▶ [Information shown]:
══════════════════════════════

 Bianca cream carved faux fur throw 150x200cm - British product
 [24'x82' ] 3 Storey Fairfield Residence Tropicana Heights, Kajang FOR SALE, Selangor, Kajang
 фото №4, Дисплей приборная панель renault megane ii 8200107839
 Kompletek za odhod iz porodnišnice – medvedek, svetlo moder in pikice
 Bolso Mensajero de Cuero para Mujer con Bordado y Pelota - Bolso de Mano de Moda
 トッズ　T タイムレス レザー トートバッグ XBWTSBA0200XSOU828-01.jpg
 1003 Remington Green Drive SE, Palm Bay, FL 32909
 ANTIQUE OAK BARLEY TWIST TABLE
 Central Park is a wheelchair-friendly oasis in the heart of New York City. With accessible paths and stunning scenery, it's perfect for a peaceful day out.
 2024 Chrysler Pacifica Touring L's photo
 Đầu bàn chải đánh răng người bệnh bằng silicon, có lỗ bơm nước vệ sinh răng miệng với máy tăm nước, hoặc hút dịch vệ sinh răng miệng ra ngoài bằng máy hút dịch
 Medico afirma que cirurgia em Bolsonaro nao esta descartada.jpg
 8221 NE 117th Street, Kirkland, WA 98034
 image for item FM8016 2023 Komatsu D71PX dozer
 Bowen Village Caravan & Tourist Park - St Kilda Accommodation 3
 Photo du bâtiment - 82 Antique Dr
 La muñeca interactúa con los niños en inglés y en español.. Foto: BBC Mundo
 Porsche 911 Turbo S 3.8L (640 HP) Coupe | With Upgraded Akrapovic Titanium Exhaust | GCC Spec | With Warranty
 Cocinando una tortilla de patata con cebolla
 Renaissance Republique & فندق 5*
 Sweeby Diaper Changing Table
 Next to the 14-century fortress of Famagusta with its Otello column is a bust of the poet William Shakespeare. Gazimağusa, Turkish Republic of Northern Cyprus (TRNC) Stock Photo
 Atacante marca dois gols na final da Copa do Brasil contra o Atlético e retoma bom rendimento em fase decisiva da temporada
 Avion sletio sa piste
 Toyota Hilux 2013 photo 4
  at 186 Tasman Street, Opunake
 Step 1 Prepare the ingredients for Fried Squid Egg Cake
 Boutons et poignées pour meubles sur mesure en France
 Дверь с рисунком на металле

══════════════════════════════

▶ [Assignment]: For the listing above, state how many lines contain the word "Park", with no other words.

▶ [Worked solution]: 2